- **DATA**:
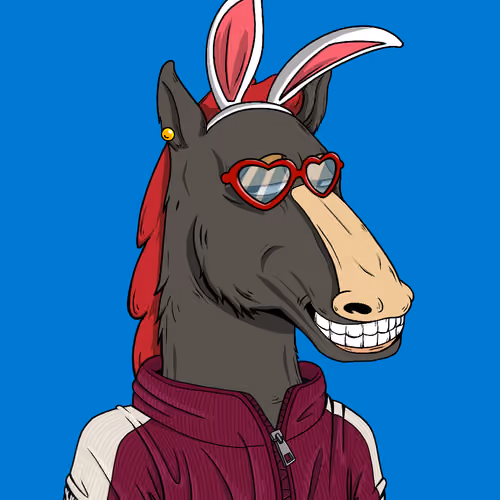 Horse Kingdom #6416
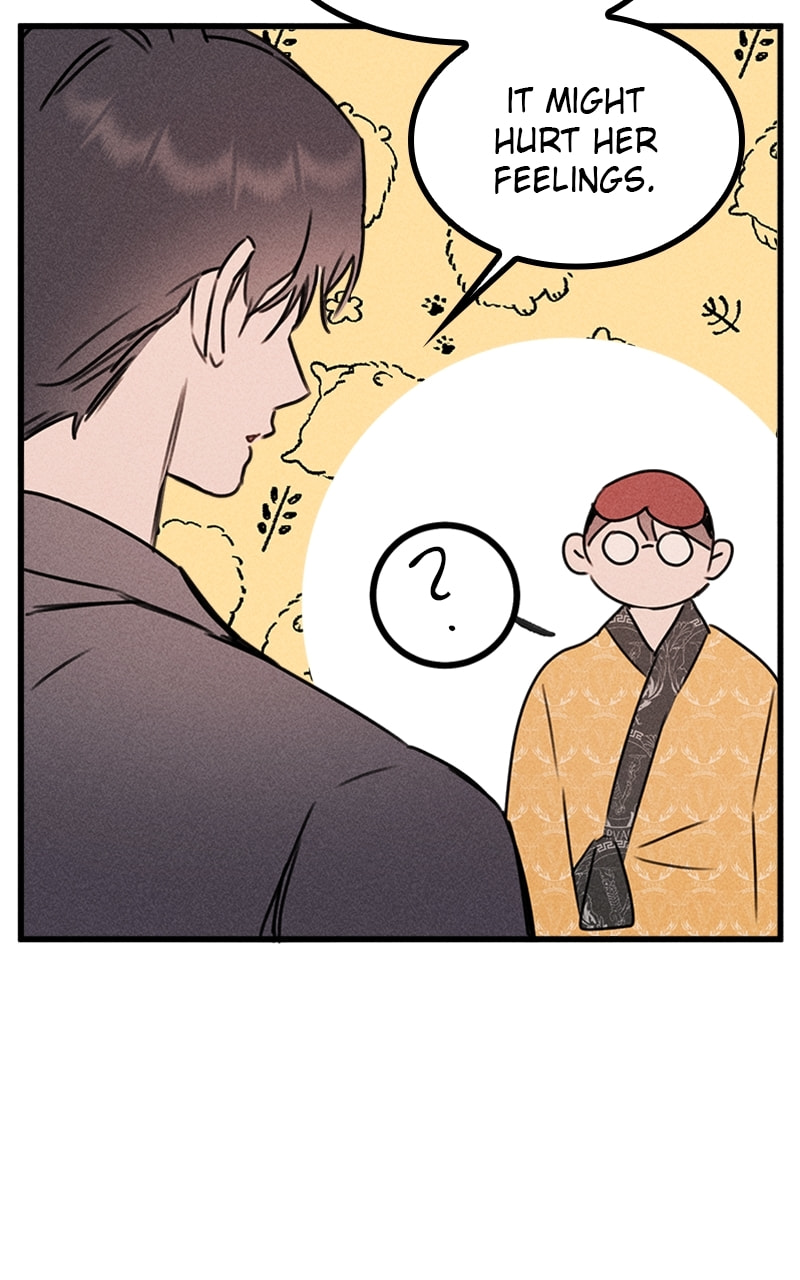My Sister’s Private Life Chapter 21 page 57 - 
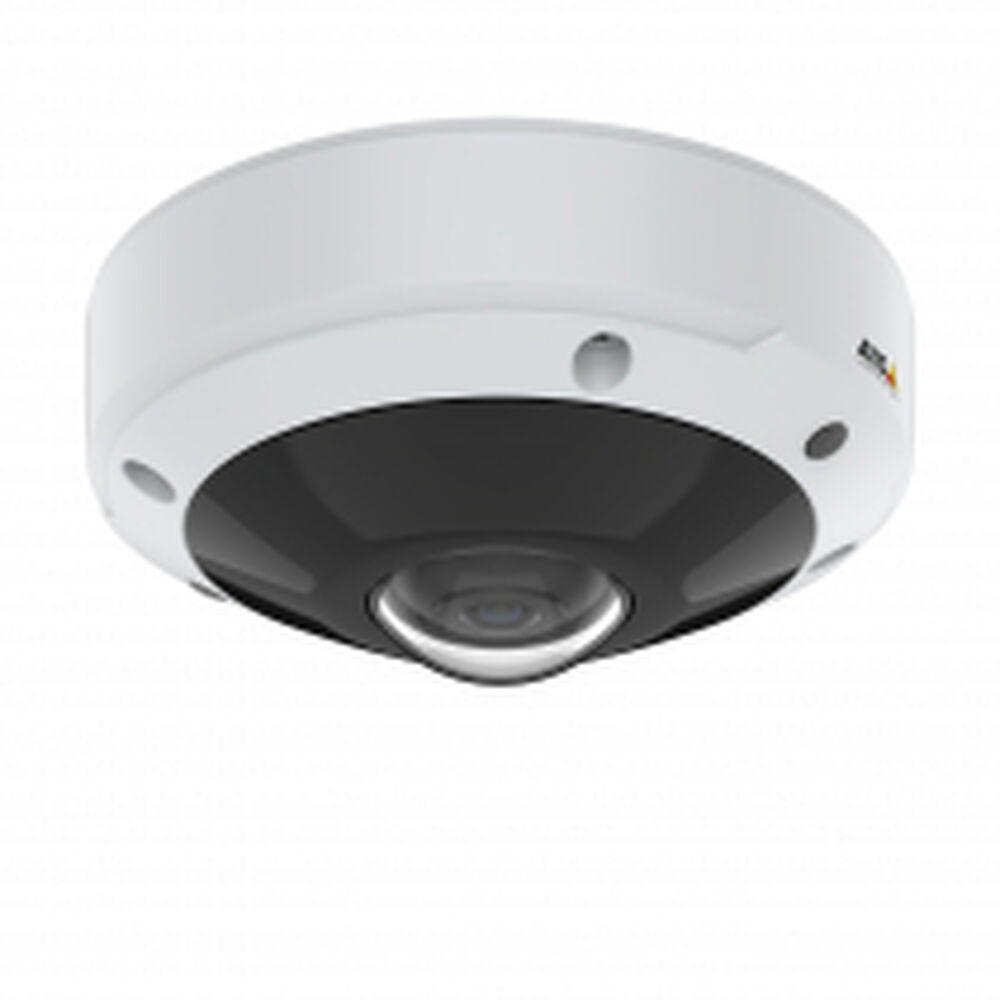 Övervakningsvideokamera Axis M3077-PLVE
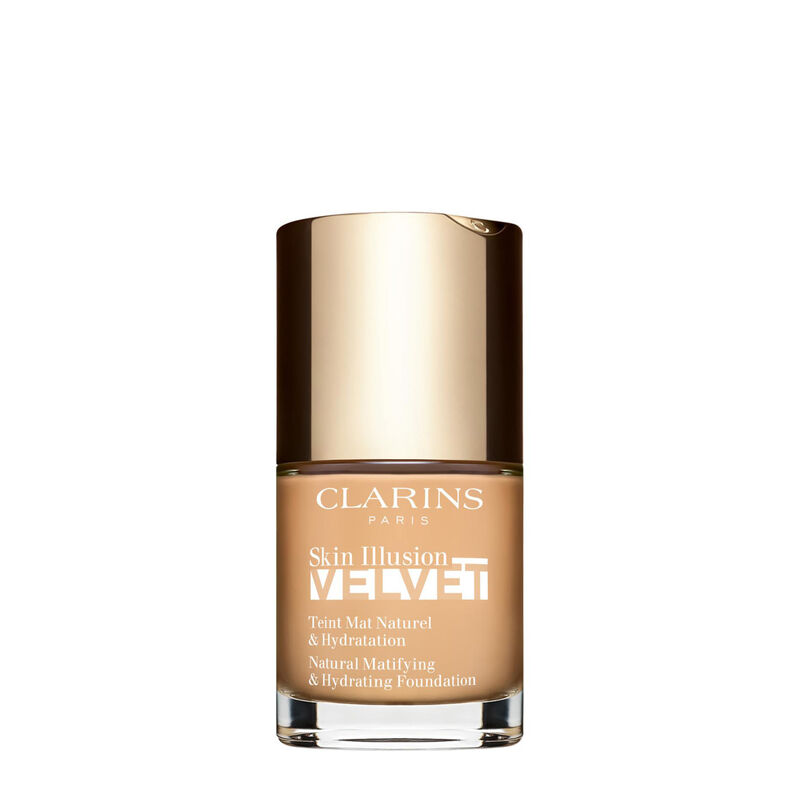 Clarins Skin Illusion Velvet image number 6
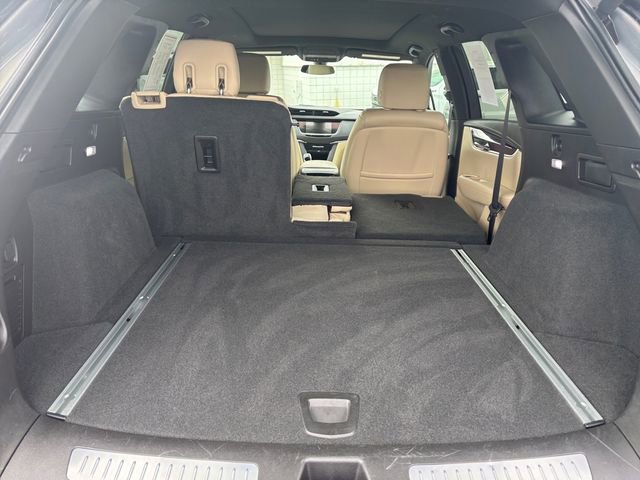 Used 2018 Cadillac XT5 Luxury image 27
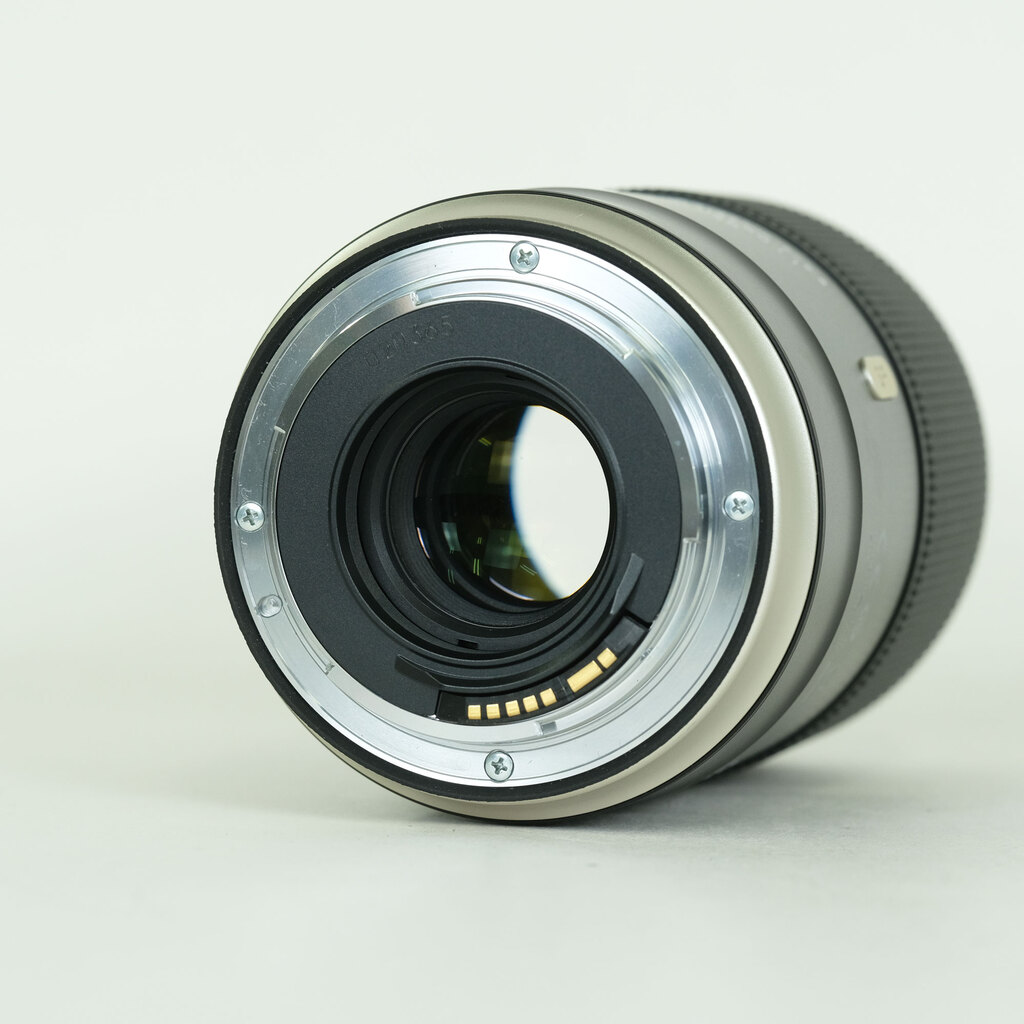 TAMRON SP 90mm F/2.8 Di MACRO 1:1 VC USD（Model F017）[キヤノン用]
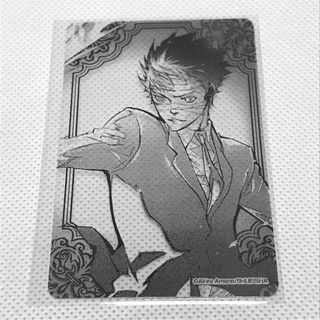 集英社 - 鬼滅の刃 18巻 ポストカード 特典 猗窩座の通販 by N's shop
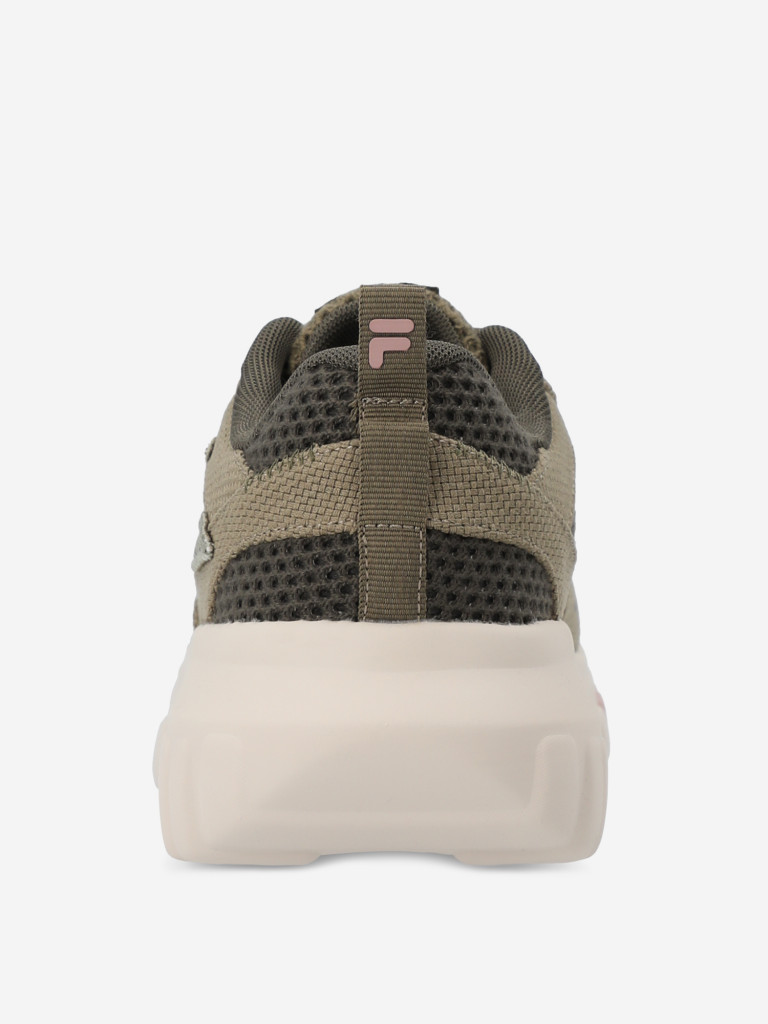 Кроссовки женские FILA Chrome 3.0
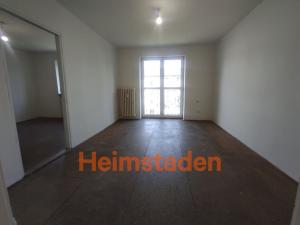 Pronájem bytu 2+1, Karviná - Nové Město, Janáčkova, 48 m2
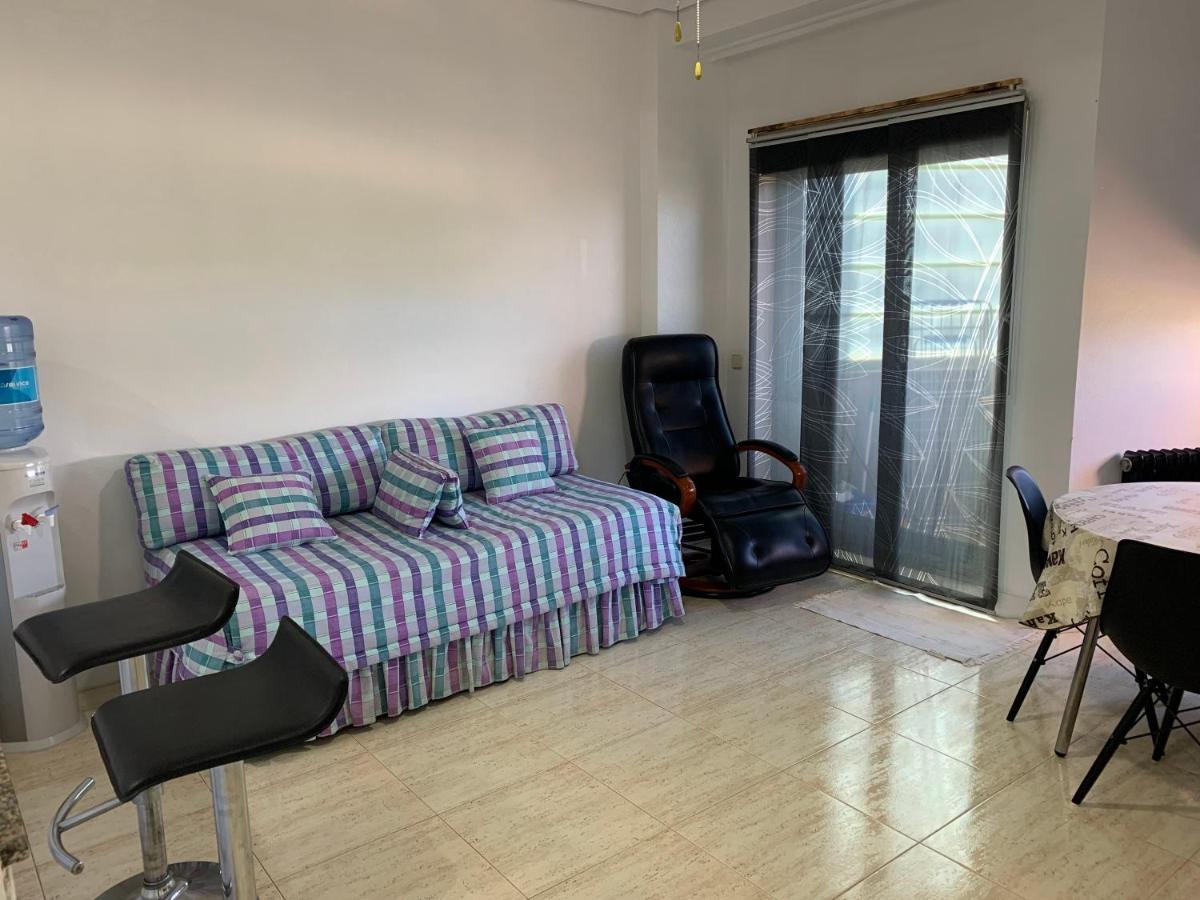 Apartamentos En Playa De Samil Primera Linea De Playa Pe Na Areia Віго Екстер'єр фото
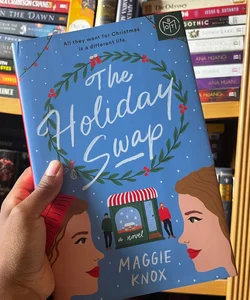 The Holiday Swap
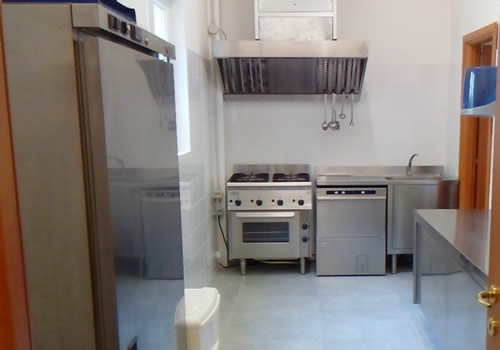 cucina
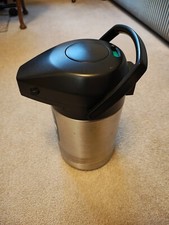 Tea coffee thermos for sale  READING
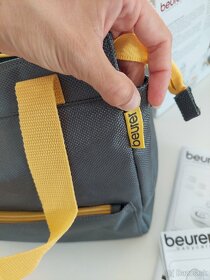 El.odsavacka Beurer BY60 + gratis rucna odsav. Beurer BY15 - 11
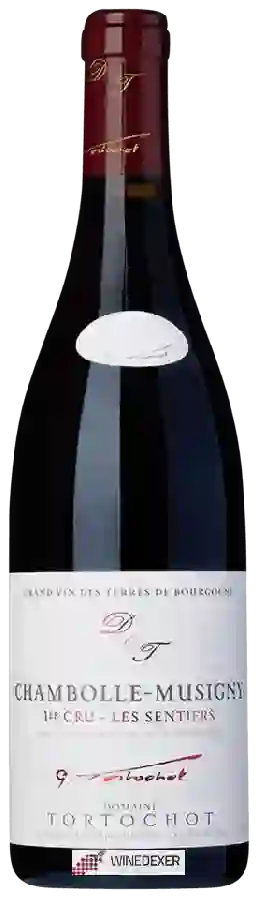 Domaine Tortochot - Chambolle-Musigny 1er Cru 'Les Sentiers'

- **WORK INSTRUCTIONS**:
Beginning with the line where "TAMRON SP 90mm" appears, reproduce every remaining line of the listing above, the last one included, but none of the pictures.

- **THE ANSWER**:
 TAMRON SP 90mm F/2.8 Di MACRO 1:1 VC USD（Model F017）[キヤノン用]
 集英社 - 鬼滅の刃 18巻 ポストカード 特典 猗窩座の通販 by N's shop
 Кроссовки женские FILA Chrome 3.0
 Pronájem bytu 2+1, Karviná - Nové Město, Janáčkova, 48 m2
 Apartamentos En Playa De Samil Primera Linea De Playa Pe Na Areia Віго Екстер'єр фото
 The Holiday Swap
 cucina
 Tea coffee thermos for sale  READING
 El.odsavacka Beurer BY60 + gratis rucna odsav. Beurer BY15 - 11
 Domaine Tortochot - Chambolle-Musigny 1er Cru 'Les Sentiers'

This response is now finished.